DSA Consultation - Act Now

The government wants to cut the software that helps disabled students study. But you can stop them.

The UK Department for Education is proposing to strip most assistive technology from Disabled Students' Allowance, without consulting a single disabled student. The consultation is open. Your response matters.

The DfE made this proposal without consulting a single disabled student. The consultation is your chance to change that, and the more of us who respond, the harder we are to ignore.

Consultation Closes:
28 June 2026

What’s Happening

DSA funds the tools that make studying possible.

Disabled Students' Allowance is the funding scheme that helps disabled students access higher education on equal terms. Part of what it funds is assistive software — text-to-speech tools, mind mapping apps, screen readers, note-taking software.

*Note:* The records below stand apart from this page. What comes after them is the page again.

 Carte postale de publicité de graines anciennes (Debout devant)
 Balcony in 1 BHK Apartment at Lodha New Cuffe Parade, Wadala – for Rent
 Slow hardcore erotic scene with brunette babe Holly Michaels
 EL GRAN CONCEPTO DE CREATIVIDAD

For many disabled students, these tools aren't extras. They're how you get through a lecture, finish an essay, and manage your workload. They're how you study.

The Department for Education is now proposing to remove most of this software from DSA funding. Their justification? That free alternatives exist.

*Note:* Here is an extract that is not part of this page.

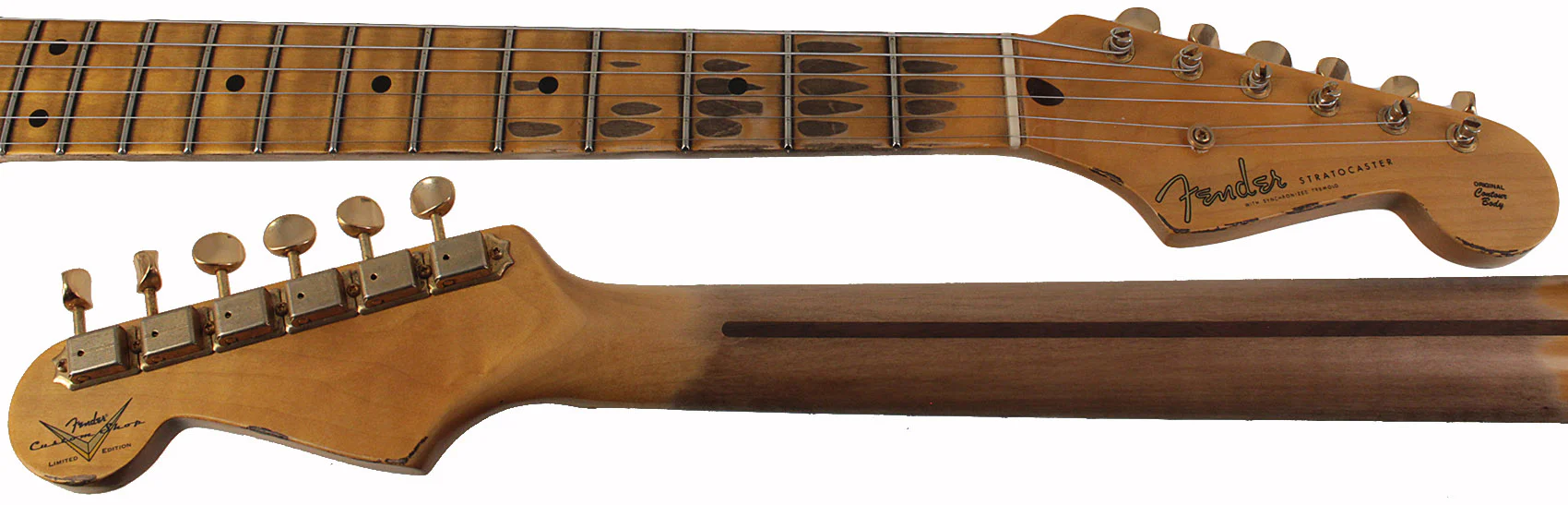 Fender Custom Shop Limited 1955 Bone Tone Stratocaster, Relic, Wide Fade 2-Color Sunburst - Image 8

Free tools aren’t assistive technology. They just aren’t.

The Reality

Assistive technology is built around how disabled students actually think, process, and learn. It's not a feature — it's a design philosophy. A free, general-purpose tool built for everyone is not built for you.

Free Tools

Built for the average user. Designed for general productivity. Not built around disability, cognition, or specific learning needs.

Assistive Technology

Built around how disabled students actually work. Designed with specific conditions, workflows, and needs at its core.